[Start of Attachment]

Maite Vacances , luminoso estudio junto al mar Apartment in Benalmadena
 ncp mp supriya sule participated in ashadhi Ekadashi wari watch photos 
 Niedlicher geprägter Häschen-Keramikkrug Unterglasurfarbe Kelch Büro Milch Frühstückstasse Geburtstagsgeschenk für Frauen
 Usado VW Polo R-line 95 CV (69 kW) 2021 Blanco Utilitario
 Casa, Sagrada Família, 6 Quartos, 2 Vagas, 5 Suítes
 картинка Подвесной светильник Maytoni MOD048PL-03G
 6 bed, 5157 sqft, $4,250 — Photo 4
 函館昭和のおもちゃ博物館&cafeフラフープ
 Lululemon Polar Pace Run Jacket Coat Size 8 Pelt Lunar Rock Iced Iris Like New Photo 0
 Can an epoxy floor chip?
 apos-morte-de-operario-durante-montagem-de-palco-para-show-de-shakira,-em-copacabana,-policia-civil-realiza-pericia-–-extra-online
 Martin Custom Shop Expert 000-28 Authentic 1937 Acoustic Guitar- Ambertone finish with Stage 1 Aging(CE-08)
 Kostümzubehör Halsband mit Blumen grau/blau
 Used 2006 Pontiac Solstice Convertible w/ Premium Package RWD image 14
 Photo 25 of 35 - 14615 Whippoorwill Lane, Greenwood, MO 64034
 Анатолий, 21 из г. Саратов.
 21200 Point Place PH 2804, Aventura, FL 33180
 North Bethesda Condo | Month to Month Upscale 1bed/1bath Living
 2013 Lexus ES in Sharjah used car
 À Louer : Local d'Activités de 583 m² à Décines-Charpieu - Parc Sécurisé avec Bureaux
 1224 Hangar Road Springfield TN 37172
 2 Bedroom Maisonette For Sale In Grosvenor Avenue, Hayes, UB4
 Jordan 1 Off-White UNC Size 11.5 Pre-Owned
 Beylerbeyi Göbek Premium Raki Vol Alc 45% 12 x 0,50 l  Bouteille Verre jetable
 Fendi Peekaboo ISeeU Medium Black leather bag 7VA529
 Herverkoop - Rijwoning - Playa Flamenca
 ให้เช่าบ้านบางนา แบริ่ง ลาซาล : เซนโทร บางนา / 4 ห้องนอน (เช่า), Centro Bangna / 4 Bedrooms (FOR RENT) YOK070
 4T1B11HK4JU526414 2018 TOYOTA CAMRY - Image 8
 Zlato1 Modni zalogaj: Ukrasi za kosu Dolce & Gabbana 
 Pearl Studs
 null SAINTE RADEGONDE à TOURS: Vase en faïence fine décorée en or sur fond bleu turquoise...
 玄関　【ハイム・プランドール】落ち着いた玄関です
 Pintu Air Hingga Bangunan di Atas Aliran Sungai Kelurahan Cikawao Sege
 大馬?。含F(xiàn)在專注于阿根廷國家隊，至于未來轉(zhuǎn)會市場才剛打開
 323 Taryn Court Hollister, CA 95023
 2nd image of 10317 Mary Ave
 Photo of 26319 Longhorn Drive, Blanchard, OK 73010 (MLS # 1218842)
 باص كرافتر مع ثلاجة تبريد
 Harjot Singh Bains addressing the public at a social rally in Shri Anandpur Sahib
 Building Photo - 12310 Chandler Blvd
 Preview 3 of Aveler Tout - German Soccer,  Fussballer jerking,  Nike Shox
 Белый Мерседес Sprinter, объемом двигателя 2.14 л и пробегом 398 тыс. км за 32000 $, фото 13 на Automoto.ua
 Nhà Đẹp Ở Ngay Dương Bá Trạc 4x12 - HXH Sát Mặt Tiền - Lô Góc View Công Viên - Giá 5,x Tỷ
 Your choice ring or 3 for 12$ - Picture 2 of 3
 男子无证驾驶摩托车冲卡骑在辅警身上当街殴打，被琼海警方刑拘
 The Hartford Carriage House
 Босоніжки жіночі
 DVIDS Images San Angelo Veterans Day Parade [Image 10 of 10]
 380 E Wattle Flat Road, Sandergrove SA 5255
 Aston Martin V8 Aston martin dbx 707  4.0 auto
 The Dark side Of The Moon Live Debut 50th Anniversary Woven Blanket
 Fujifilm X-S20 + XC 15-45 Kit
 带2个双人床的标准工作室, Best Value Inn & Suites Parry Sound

[End of Attachment]

### WORK INSTRUCTION:
In exact wording, restate the lines of the data above from the first through the one holding "Herverkoop - Rijwoning - Playa Flamenca", and stop after that line.

### EXPECTED ANSWER:
Maite Vacances , luminoso estudio junto al mar Apartment in Benalmadena
 ncp mp supriya sule participated in ashadhi Ekadashi wari watch photos 
 Niedlicher geprägter Häschen-Keramikkrug Unterglasurfarbe Kelch Büro Milch Frühstückstasse Geburtstagsgeschenk für Frauen
 Usado VW Polo R-line 95 CV (69 kW) 2021 Blanco Utilitario
 Casa, Sagrada Família, 6 Quartos, 2 Vagas, 5 Suítes
 картинка Подвесной светильник Maytoni MOD048PL-03G
 6 bed, 5157 sqft, $4,250 — Photo 4
 函館昭和のおもちゃ博物館&cafeフラフープ
 Lululemon Polar Pace Run Jacket Coat Size 8 Pelt Lunar Rock Iced Iris Like New Photo 0
 Can an epoxy floor chip?
 apos-morte-de-operario-durante-montagem-de-palco-para-show-de-shakira,-em-copacabana,-policia-civil-realiza-pericia-–-extra-online
 Martin Custom Shop Expert 000-28 Authentic 1937 Acoustic Guitar- Ambertone finish with Stage 1 Aging(CE-08)
 Kostümzubehör Halsband mit Blumen grau/blau
 Used 2006 Pontiac Solstice Convertible w/ Premium Package RWD image 14
 Photo 25 of 35 - 14615 Whippoorwill Lane, Greenwood, MO 64034
 Анатолий, 21 из г. Саратов.
 21200 Point Place PH 2804, Aventura, FL 33180
 North Bethesda Condo | Month to Month Upscale 1bed/1bath Living
 2013 Lexus ES in Sharjah used car
 À Louer : Local d'Activités de 583 m² à Décines-Charpieu - Parc Sécurisé avec Bureaux
 1224 Hangar Road Springfield TN 37172
 2 Bedroom Maisonette For Sale In Grosvenor Avenue, Hayes, UB4
 Jordan 1 Off-White UNC Size 11.5 Pre-Owned
 Beylerbeyi Göbek Premium Raki Vol Alc 45% 12 x 0,50 l  Bouteille Verre jetable
 Fendi Peekaboo ISeeU Medium Black leather bag 7VA529
 Herverkoop - Rijwoning - Playa Flamenca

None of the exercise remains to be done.